## Your instructions
Copy exactly the lines of the material below that fall between the line with "GOLDE MORBIHAN" and the line with "The Complete Guide to Writing a Dissertation", both of those lines included; pictures stay out.

## Input
>>>

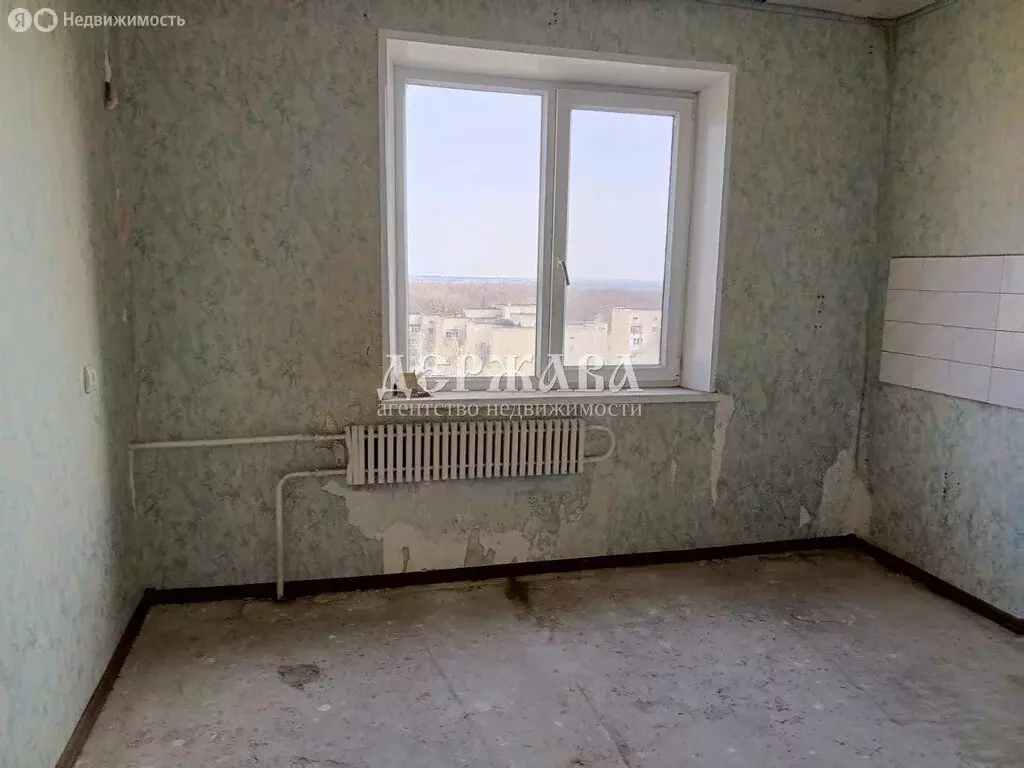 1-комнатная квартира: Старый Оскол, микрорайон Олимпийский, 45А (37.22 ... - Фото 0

<<<
>>>

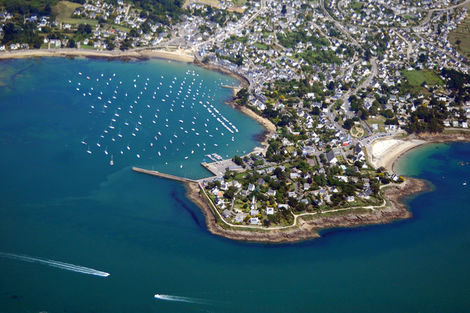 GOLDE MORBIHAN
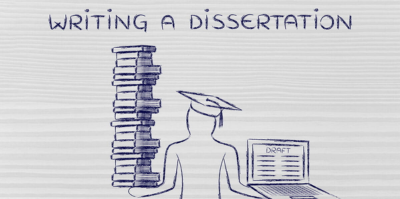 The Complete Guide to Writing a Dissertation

<<<
>>>

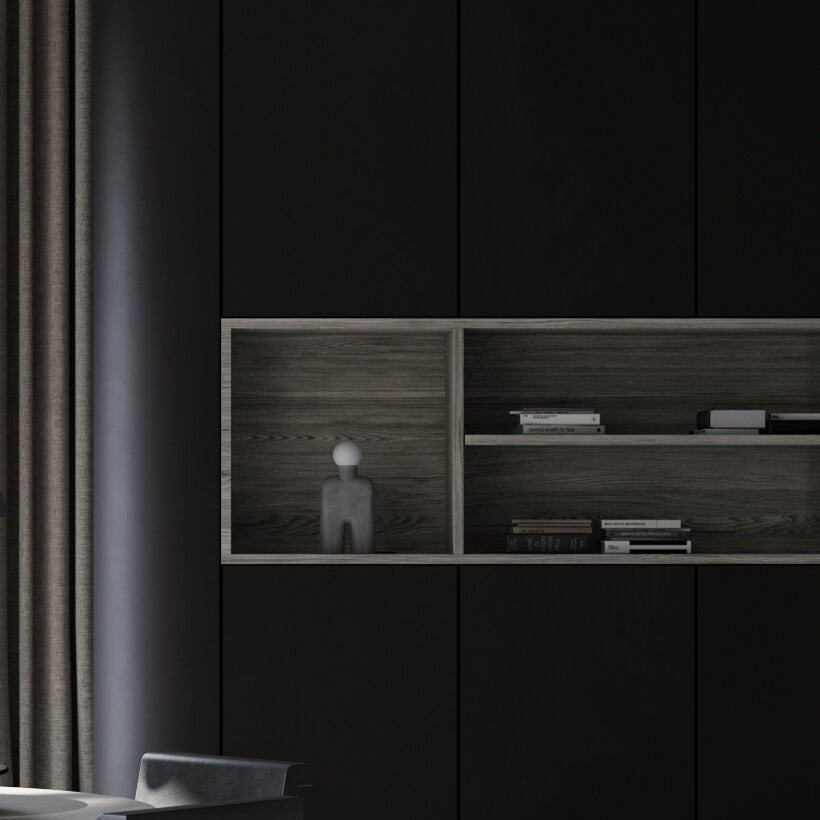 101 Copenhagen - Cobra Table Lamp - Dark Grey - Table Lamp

<<<

## The answer
 GOLDE MORBIHAN
 The Complete Guide to Writing a Dissertation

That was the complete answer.